Re: Question about \uxxxx etc. for 21-bit code points - need advice

From: Frank da Cruz ([email protected])
Date: Tue May 23 2000 - 15:00:58 EDT

Next message: [email protected]: "RE: Question about \uxxxx etc. for 21-bit code points - need advi ce"
Previous message: Paul Dempsey: "RE: Question about \uxxxx etc. for 21-bit code points - need advi ce"
Maybe in reply to: Markus Scherer: "Question about \uxxxx etc. for 21-bit code points - need advice"
Next in thread: Marco Cimarosti: "Re: Question about \uxxxx etc. for 21-bit code points - need advice"
Messages sorted by: [ date ] [ thread ] [ subject ] [ author ] [ attachment ]
Mail actions: [ respond to this message ] [ mail a new topic ]

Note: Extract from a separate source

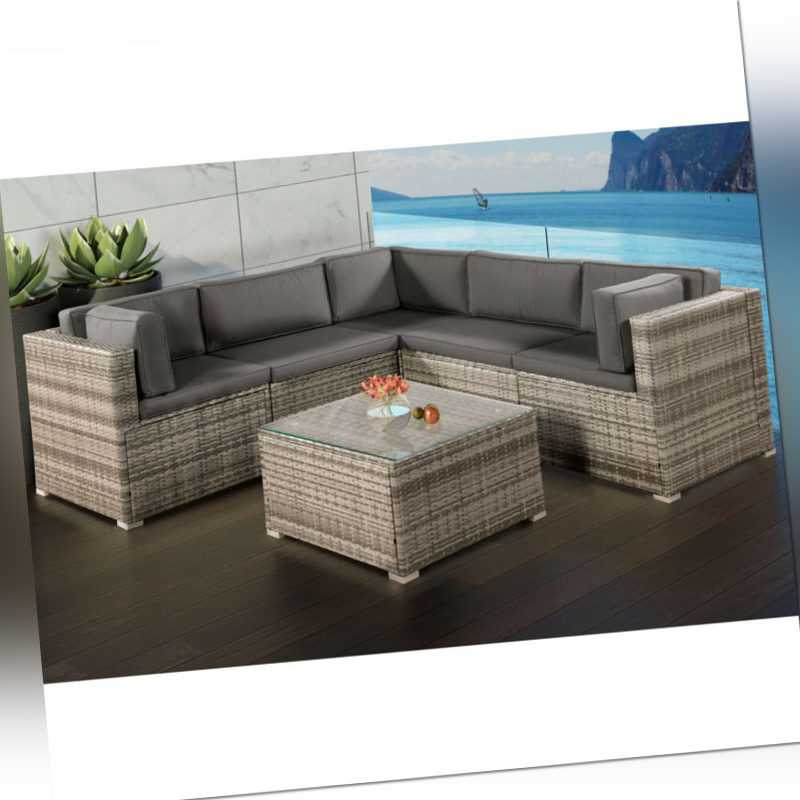 Gartenmöbel Polyrattan Lounge Rattan Sitzgruppe Gartenset Rattanmöbel ArtLife®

> we (ICU) are trying to figure out how best to specify non-BMP (21-bit) code
> points with escape sequences or similar in strings.
>
> Problem:
> The C language has \ooo with octal digits for bytes of whatever encoding,
> and modern compilers also know \xhh with hexadecimal digits (with variable
> numbers of digits). Java introduced \uhhhh with (always 4) hexadecimal
> digits for Unicode code units.
>
> But how does one write a non-BMP code point in this fashion?
>
> I am trying to list some suggestions, make a proposal, and ask you for what
> you are doing or other people/standards/organizations/languages are planning
> to do.
>
Making up new x's for "\x" is not the best way, since, as long as our
programming languages are based on ASCII (a whole different topic), we'll
quickly run out of x's, especially when we are overloading the x by trying to
make it convey two pieces of info: the encoding that follows, and its length.

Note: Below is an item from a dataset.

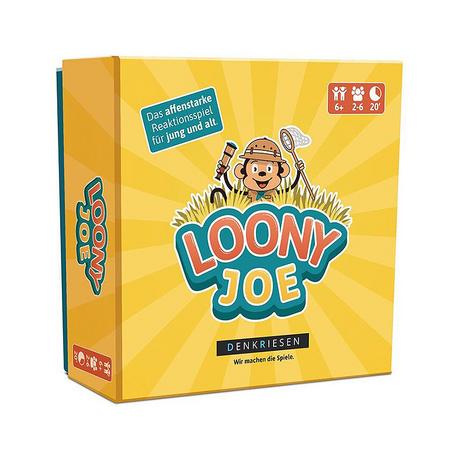 Denkriesen  Loony Joe Das affenstarke Reaktionsspiel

In the Kermit language, we use:

\x{yyy...}

where 'x' says what it is (e.g. decimal, hex, octal, whatever), and the
braces delimit the operand, thus allowing it to be any length. This is also
handy for disambiguating expressions like:

\o0123456

Is that "\o012" followed by "3456" or "\o0123" followed "456"? In:

\o{012}3456

it's clear.

- Frank

Next message: [email protected]: "RE: Question about \uxxxx etc. for 21-bit code points - need advi ce"
Previous message: Paul Dempsey: "RE: Question about \uxxxx etc. for 21-bit code points - need advi ce"
Maybe in reply to: Markus Scherer: "Question about \uxxxx etc. for 21-bit code points - need advice"
Next in thread: Marco Cimarosti: "Re: Question about \uxxxx etc. for 21-bit code points - need advice"
Messages sorted by: [ date ] [ thread ] [ subject ] [ author ] [ attachment ]
Mail actions: [ respond to this message ] [ mail a new topic ]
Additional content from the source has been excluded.